Mais Ganid n’était pas entièrement satisfait. Il revint maintes fois sur le sujet. Jésus lui raconta certaines de ses expériences d’enfant et lui parla également de Jacob, le fils du maçon. En apprenant comment Jacob s’était érigé lui-même en défenseur de Jésus, Ganid dit : « Oh, je commence à comprendre ! Tout d’abord, il est très peu probable qu’un être humain normal veuille attaquer une personne aussi bonne que toi. Même si quelqu’un était assez fou pour le faire, il est à peu près sûr qu’il y aurait à proximité quelque autre mortel pour voler à ton secours, comme tu le fais toujours toi-même pour toute personne que tu vois dans la détresse. Maitre, je suis d’accord avec toi dans mon cœur, mais, dans ma tête, je pense encore que, si j’avais été Jacob, j’aurais pris plaisir à punir ces grossiers personnages qui prétendaient t’attaquer simplement parce qu’ils croyaient que tu ne te défendrais pas.

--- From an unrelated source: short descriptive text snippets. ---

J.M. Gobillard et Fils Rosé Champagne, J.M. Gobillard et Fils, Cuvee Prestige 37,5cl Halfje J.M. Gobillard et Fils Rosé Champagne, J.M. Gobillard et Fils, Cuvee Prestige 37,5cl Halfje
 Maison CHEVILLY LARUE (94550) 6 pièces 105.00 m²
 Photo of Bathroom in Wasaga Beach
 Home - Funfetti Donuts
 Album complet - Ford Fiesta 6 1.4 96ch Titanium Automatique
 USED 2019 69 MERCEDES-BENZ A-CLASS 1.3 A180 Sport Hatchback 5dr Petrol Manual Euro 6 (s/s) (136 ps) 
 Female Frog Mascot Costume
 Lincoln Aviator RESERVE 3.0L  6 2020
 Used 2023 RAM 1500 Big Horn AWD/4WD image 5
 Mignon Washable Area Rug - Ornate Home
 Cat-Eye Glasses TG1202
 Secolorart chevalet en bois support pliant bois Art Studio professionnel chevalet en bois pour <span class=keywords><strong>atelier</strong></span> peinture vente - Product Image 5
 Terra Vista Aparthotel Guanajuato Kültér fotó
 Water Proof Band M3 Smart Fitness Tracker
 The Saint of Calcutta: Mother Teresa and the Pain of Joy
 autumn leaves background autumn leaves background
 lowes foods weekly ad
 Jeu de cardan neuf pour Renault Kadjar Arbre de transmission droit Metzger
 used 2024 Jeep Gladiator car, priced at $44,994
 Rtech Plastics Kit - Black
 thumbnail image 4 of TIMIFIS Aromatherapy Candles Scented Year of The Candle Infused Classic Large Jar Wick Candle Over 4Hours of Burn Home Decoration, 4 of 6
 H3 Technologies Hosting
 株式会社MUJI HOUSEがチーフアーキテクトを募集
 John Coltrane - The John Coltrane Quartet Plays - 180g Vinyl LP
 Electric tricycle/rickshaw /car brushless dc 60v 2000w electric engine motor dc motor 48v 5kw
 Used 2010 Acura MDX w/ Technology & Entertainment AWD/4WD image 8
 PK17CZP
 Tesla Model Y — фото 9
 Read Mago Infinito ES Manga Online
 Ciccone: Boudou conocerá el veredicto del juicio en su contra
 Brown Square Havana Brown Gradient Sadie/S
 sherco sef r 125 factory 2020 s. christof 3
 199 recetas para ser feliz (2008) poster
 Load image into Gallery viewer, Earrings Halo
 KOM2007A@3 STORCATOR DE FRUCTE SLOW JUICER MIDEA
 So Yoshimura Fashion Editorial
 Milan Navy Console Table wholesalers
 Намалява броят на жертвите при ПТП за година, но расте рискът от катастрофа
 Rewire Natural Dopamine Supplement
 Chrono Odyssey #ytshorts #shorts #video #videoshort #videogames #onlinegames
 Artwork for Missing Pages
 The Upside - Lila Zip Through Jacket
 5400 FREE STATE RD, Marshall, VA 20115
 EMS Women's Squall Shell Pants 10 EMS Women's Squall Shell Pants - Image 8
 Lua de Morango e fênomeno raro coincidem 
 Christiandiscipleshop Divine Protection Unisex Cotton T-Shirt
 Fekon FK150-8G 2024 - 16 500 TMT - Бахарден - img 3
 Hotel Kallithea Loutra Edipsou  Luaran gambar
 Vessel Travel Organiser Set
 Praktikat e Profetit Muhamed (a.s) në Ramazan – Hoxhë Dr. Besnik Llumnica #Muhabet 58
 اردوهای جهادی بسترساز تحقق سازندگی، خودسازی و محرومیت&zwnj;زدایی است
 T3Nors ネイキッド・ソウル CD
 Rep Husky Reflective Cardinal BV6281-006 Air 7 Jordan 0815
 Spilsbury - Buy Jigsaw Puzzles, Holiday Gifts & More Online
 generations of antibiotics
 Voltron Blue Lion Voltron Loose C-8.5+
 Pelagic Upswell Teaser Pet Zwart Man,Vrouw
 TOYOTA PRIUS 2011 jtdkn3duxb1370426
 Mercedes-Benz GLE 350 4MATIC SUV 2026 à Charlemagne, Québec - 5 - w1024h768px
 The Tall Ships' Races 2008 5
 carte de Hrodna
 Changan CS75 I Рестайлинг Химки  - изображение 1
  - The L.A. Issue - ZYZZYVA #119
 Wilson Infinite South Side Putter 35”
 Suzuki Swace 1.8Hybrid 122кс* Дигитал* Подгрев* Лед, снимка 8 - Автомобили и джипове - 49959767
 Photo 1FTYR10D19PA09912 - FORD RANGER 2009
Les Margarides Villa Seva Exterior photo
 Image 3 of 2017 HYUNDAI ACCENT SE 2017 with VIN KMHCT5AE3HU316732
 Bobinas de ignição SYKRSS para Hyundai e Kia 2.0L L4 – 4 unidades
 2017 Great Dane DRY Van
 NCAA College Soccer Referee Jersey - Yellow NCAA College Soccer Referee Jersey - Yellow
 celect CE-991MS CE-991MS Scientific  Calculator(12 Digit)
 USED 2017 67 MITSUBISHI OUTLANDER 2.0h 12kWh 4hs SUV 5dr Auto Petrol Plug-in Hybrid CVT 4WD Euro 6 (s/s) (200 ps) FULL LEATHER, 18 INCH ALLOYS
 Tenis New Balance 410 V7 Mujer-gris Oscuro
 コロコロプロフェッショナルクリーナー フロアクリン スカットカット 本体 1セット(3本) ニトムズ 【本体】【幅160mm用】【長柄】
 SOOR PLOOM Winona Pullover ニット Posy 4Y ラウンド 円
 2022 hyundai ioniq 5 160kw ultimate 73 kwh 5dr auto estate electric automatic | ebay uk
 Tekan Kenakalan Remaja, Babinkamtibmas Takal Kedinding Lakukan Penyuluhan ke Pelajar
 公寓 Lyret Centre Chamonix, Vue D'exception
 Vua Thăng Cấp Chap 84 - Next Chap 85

Je suppose que tu voyages assez en sécurité à travers la vie, car tu passes beaucoup de temps à aider autrui et à secourir tes semblables en détresse – eh bien, il est fort probable qu’il y aura toujours quelqu’un à portée de la main pour te défendre. » Et Jésus répondit : « Cette épreuve n’est pas encore arrivée, Ganid, et, quand elle viendra, il faudra nous conformer à la volonté du Père. » Ce fut à peu près tout ce que le jeune homme réussit à tirer de son maitre sur le sujet difficile de l’autodéfense et de la non-résistance. En une autre occasion, Ganid obtint de Jésus l’opinion que la société organisée avait parfaitement le droit d’employer la force pour faire exécuter ses justes ordonnances.